Bologna Gezi Notları – İtlaya’nın Bilgili, Şişman, Kırmızı Şehri

İtalya'nın Emila-Romagno bölgesinde kalan Bologna, Floransa ve Venedik'e yakınlığı ve havalimanı olması sebebiyle İtalya ziyaretlerinizde mutlaka yolunuzun düşeceği bir şehir. Havalimanı sebebiyle özellikle Floransa ve çevresini ziyaret edecek iseniz yolunuz burdan geçecektir. 1 gününüzü Bologna'yı gezmeye ayırın.

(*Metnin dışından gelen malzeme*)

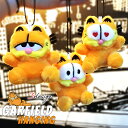 ルームミラーハンギング ガーフィールド 全3種 オレンジ 人形 猫 ネコ GARFIELD ルームミラー アクセサリー 飾り 吊り下げ ハンギング インテリア ガレージ かわいい インテリア 自動車 車 カー用品 カーアクセサリー ぬいぐるみ 飾り 装飾 アメリカ 雑貨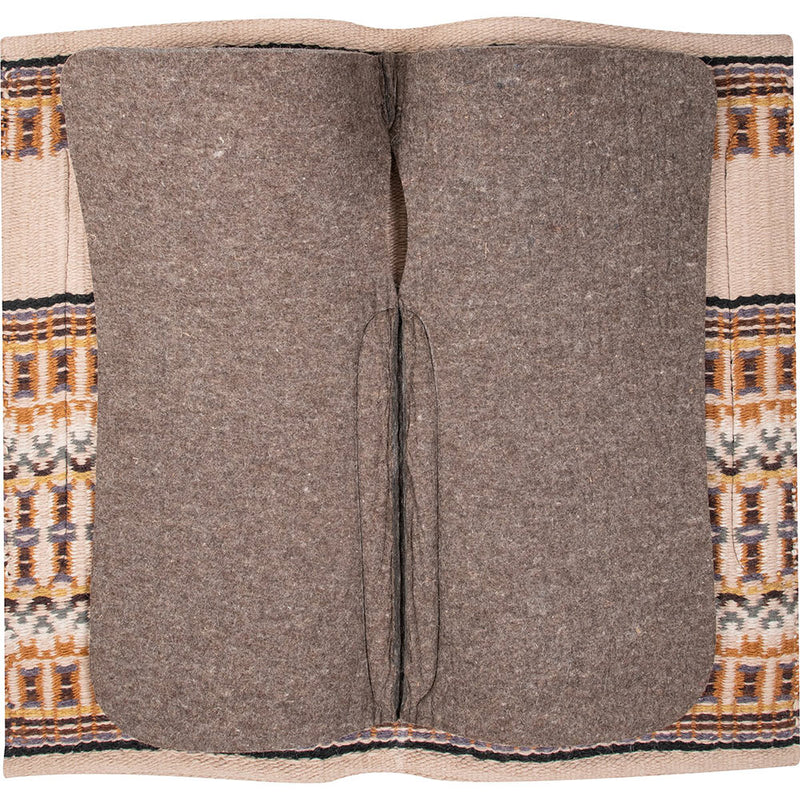 34x38 Wool Top Saddle Pad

İtalya’nın mistik ve gizemli şehirlerinden Bologna, Anadolu topraklarındaki mimari yapıya benzeyen dini yapıları, birbirine açılan avluları, kubbeleri ve revakları ile bildiğim tanımları bilmediğim bir şehirde tecrübe etmemi sağladı. Şehrin bir yüzü duvar desenleri, motifler ile mistik bir havaya sahipken diğer yüzü kalabalık ve eğlenceli. Şehri 1.5 gün de yürüyerek gezebilirsiniz. Bazı şehirleri yaşamak için gecesini de görmek lazım, bir gece kalmanızı tavsiye ederim. Gün batarken, kızıl taşlara vuran yumuşak gün ışığı, dar sokaklar ve revakların arasından sızarak ortamı değiştiriyor. Gün batımında sokakları dolduran neşeli kalabalıklar, hava karardıkça yaklaşan yemek saati ile restoranları doldururken sokaklar sessizleşmeye başlıyor. İtalyanlar büyük masalarda bir araya gelerek, akşam yemeğinde buluşuyorlar. Sıcak ve samimi bu şehri keşfetmeye Piazza Maggiore den başlayabilirsiniz. 

Şehrin Simgeleri

1. La Dotta (Bilgili)

Şehrin dinamik ve genç ruhunun kaynağı şehirdeki Bologna Universitesi, 1088 yılından beri eğitim vermektedir. Diğer şehirlerden okumaya gelen öğrencilerin nüfusu artırması ile şehir bilgili Bologna olarak anılmaya başlamış.

2. La Grassa (Şişman)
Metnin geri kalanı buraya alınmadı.